*** Data supplied Section Begins ***
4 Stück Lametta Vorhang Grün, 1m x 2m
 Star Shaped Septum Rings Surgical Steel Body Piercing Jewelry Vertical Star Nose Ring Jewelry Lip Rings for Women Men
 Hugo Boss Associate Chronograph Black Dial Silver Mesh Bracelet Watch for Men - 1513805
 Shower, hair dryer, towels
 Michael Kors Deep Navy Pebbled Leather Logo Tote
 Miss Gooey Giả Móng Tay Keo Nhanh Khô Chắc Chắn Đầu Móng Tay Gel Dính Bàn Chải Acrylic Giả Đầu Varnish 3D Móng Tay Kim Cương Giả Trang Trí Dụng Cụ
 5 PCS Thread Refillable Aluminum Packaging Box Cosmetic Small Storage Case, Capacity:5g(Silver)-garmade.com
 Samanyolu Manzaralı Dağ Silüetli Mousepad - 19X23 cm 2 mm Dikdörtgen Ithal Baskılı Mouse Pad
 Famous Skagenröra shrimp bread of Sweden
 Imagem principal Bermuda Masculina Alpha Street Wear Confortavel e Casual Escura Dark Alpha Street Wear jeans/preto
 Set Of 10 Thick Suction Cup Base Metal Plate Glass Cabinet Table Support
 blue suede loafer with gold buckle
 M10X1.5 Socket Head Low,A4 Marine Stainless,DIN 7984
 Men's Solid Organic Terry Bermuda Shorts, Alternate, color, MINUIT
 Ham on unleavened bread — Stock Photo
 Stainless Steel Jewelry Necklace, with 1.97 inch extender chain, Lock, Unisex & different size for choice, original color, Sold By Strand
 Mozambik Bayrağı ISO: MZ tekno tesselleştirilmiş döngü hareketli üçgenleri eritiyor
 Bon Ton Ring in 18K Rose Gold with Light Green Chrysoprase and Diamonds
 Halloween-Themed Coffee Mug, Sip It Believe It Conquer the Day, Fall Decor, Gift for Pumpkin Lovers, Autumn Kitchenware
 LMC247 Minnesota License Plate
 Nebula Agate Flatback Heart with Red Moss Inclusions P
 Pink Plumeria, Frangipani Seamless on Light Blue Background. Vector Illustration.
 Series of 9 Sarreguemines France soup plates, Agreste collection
*** Data supplied Section Ends ***
Copy each line of the data exactly, leaving nothing out.

4 Stück Lametta Vorhang Grün, 1m x 2m
 Star Shaped Septum Rings Surgical Steel Body Piercing Jewelry Vertical Star Nose Ring Jewelry Lip Rings for Women Men
 Hugo Boss Associate Chronograph Black Dial Silver Mesh Bracelet Watch for Men - 1513805
 Shower, hair dryer, towels
 Michael Kors Deep Navy Pebbled Leather Logo Tote
 Miss Gooey Giả Móng Tay Keo Nhanh Khô Chắc Chắn Đầu Móng Tay Gel Dính Bàn Chải Acrylic Giả Đầu Varnish 3D Móng Tay Kim Cương Giả Trang Trí Dụng Cụ
 5 PCS Thread Refillable Aluminum Packaging Box Cosmetic Small Storage Case, Capacity:5g(Silver)-garmade.com
 Samanyolu Manzaralı Dağ Silüetli Mousepad - 19X23 cm 2 mm Dikdörtgen Ithal Baskılı Mouse Pad
 Famous Skagenröra shrimp bread of Sweden
 Imagem principal Bermuda Masculina Alpha Street Wear Confortavel e Casual Escura Dark Alpha Street Wear jeans/preto
 Set Of 10 Thick Suction Cup Base Metal Plate Glass Cabinet Table Support
 blue suede loafer with gold buckle
 M10X1.5 Socket Head Low,A4 Marine Stainless,DIN 7984
 Men's Solid Organic Terry Bermuda Shorts, Alternate, color, MINUIT
 Ham on unleavened bread — Stock Photo
 Stainless Steel Jewelry Necklace, with 1.97 inch extender chain, Lock, Unisex & different size for choice, original color, Sold By Strand
 Mozambik Bayrağı ISO: MZ tekno tesselleştirilmiş döngü hareketli üçgenleri eritiyor
 Bon Ton Ring in 18K Rose Gold with Light Green Chrysoprase and Diamonds
 Halloween-Themed Coffee Mug, Sip It Believe It Conquer the Day, Fall Decor, Gift for Pumpkin Lovers, Autumn Kitchenware
 LMC247 Minnesota License Plate
 Nebula Agate Flatback Heart with Red Moss Inclusions P
 Pink Plumeria, Frangipani Seamless on Light Blue Background. Vector Illustration.
 Series of 9 Sarreguemines France soup plates, Agreste collection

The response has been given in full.